Output the listing exactly, without its pictures.

▸ Data excerpt
------
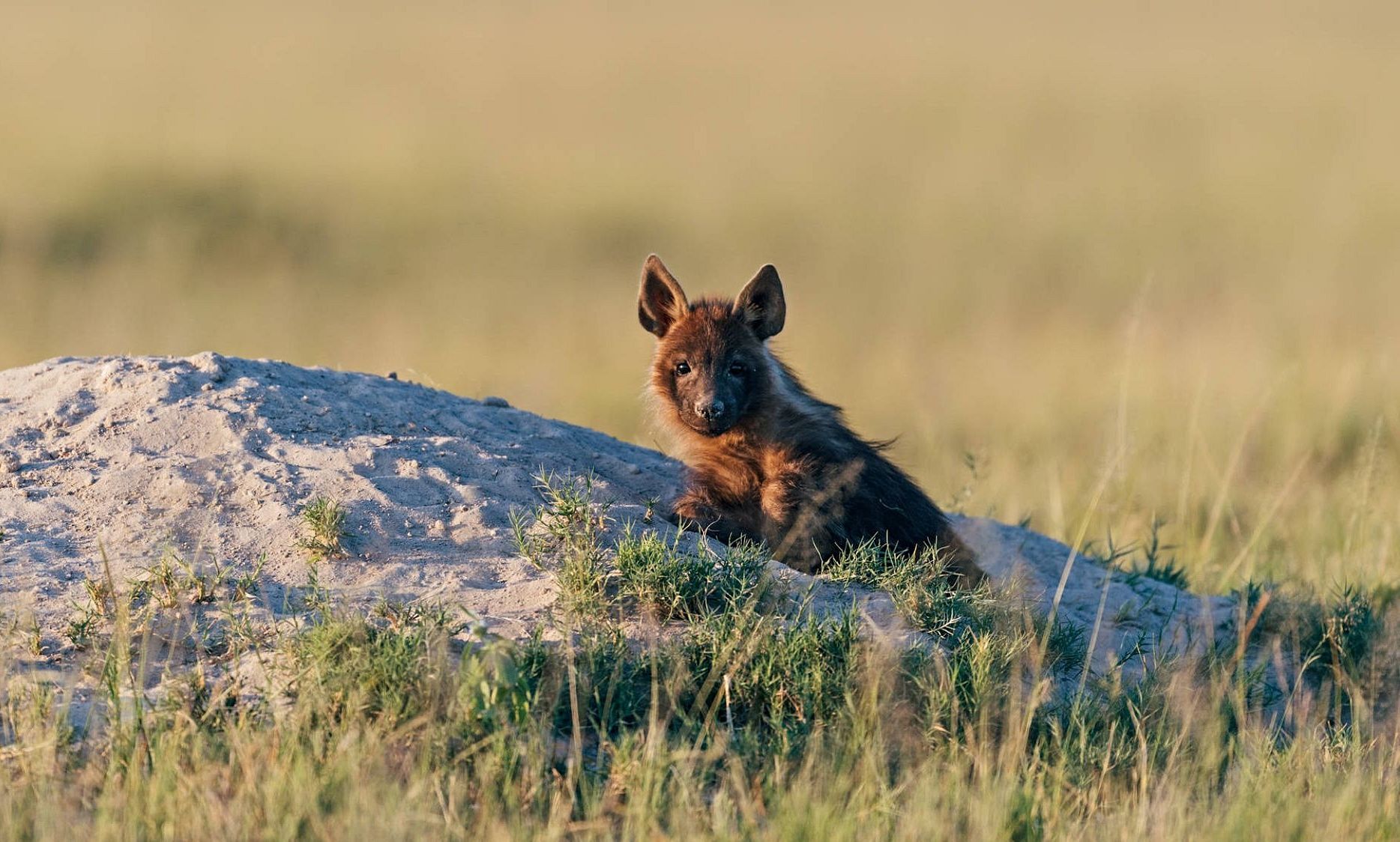 BROWN HYENA CUB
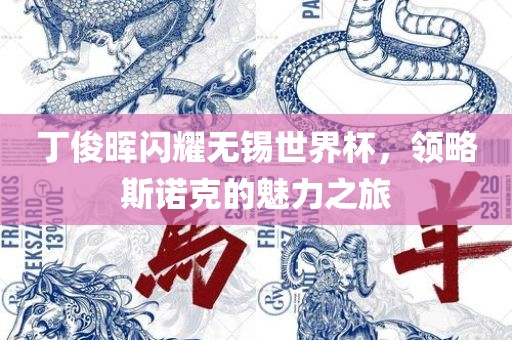 丁俊晖闪耀无锡世界杯，领略斯诺克的魅力之旅江门市永晋源无纺布有限公司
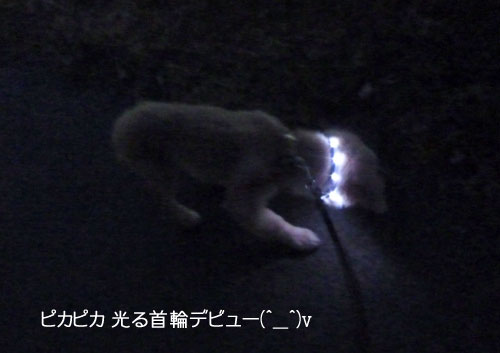 20100902.jpg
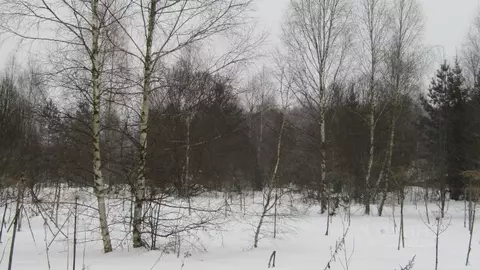 Участок в Московская область, Рузский муниципальный округ, д. Лобково  ...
------
▸ Result of the exercise
 BROWN HYENA CUB
 丁俊晖闪耀无锡世界杯，领略斯诺克的魅力之旅江门市永晋源无纺布有限公司
 20100902.jpg
 Участок в Московская область, Рузский муниципальный округ, д. Лобково  ...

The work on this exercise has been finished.